[RFC PATCH 0/2] mm: filemap: add filemap_grab_folios
From: Nikita Kalyazin
Date: Fri Jan 10 2025 - 10:47:25 EST
Based on David's suggestion for speeding up guest_memfd memory
population [1] made at the guest_memfd upstream call on 5 Dec 2024 [2],
this adds `filemap_grab_folios` that grabs multiple folios at a time.
Motivation
When profiling guest_memfd population and comparing the results with
population of anonymous memory via UFFDIO_COPY, I observed that the
former was up to 20% slower, mainly due to adding newly allocated pages
to the pagecache. As far as I can see, the two main contributors to it
are pagecache locking and tree traversals needed for every folio. The
RFC attempts to partially mitigate those by adding multiple folios at a
time to the pagecache.
Testing
With the change applied, I was able to observe a 10.3% (708 to 635 ms)
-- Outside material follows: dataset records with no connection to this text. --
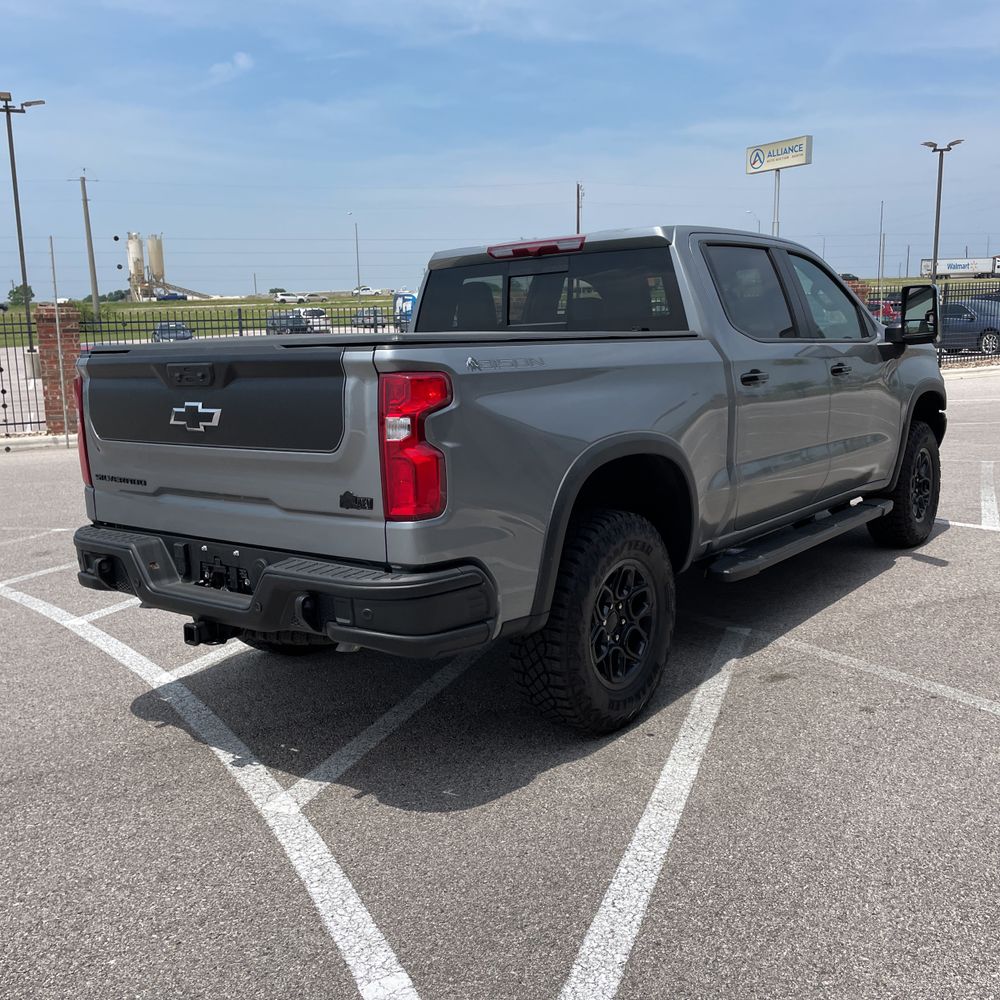 2024 Chevrolet Silverado 1500 ZR2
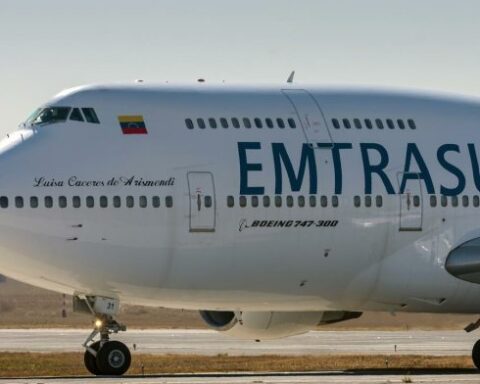 Cartes moved cigarettes between his signatures with a mysterious plane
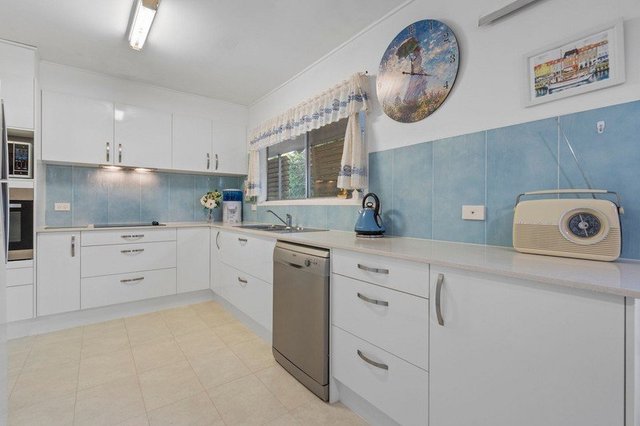 18 Grounds Street, QLD 4104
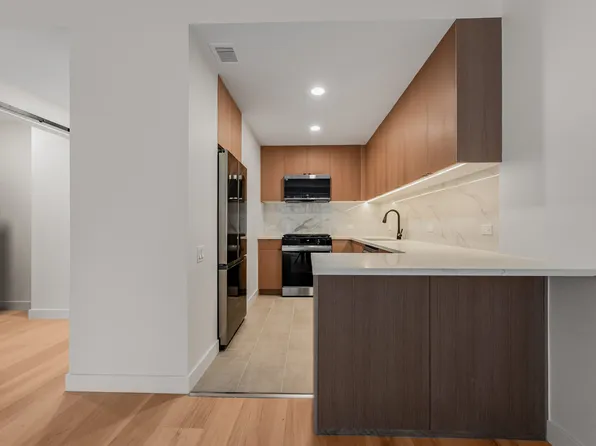 146 West 57th Street image 6 of 35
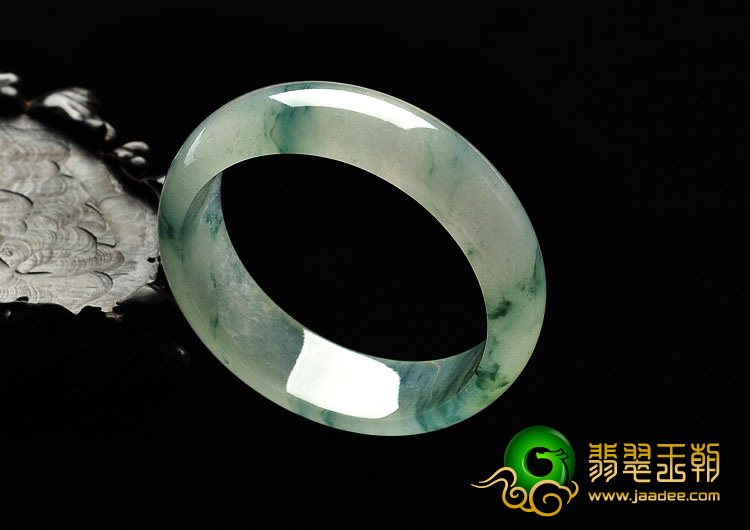冰种飘花缅甸翡翠A货手镯（56.9mm）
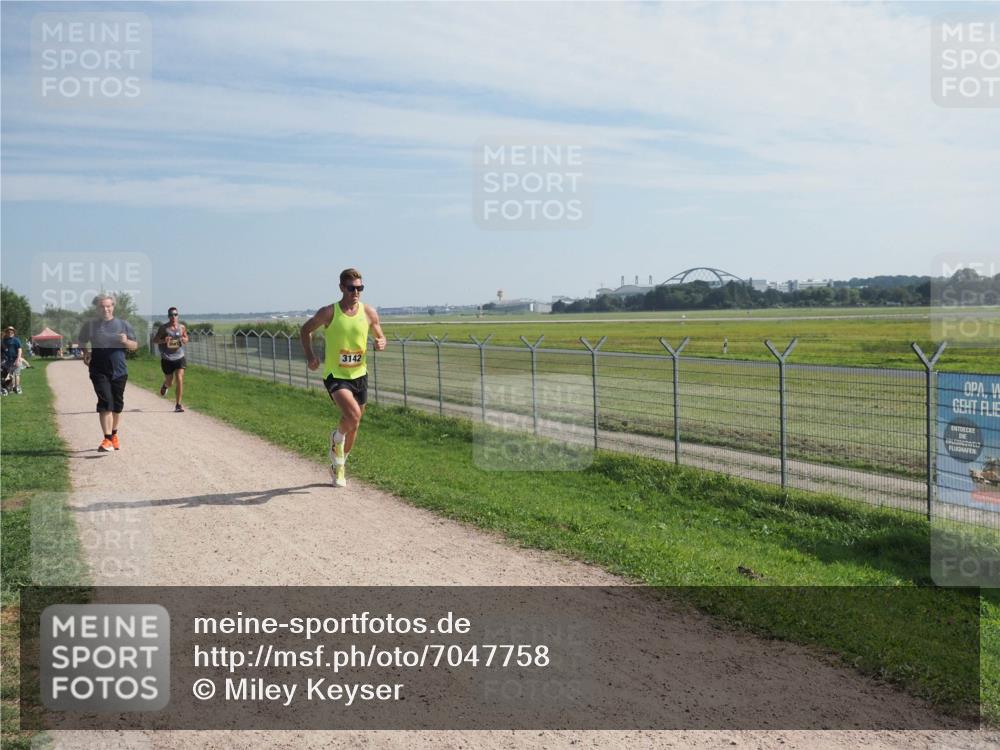 08.09.2024 - Airport Race Miley Keyser http://msf.ph/oto/7047758 08.09.2024 11:49:52 Laufen 3142 meine-sportfotos.de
speedup in a selftest that populated 3GiB guest_memfd and a 9.5% (990 to
904 ms) speedup when restoring a 3GiB guest_memfd VM snapshot using a
custom Firecracker version, both on Intel Ice Lake.
Limitations
While `filemap_grab_folios` handles THP/large folios internally and
deals with reclaim artifacts in the pagecache (shadows), for simplicity
reasons, the RFC does not support those as it demonstrates the
optimisation applied to guest_memfd, which only uses small folios and
does not support reclaim at the moment.
Implementation
I am aware of existing filemap APIs operating on folio batches, however
I was not able to find one for the use case in question. I was also
thinking about making use of the `folio_batch` struct, but was not able
to convince myself that it was useful. Instead, a plain array of folio
pointers is allocated on stack and passed down the callchain. A bitmap
is used to keep track of indexes whose folios were already present in
the pagecache to prevent allocations. This does not look very clean to
me and I am more than open to hearing about better approaches.
Not being an expert in xarray, I do not know an idiomatic way to advance
the index if `xas_next` is called directly after instantiation of the
state that was never walked, so I used a call to `xas_set`.
While the series focuses on optimising _adding_ folios to the pagecache,
I was also experimenting with batching of pagecache _querying_.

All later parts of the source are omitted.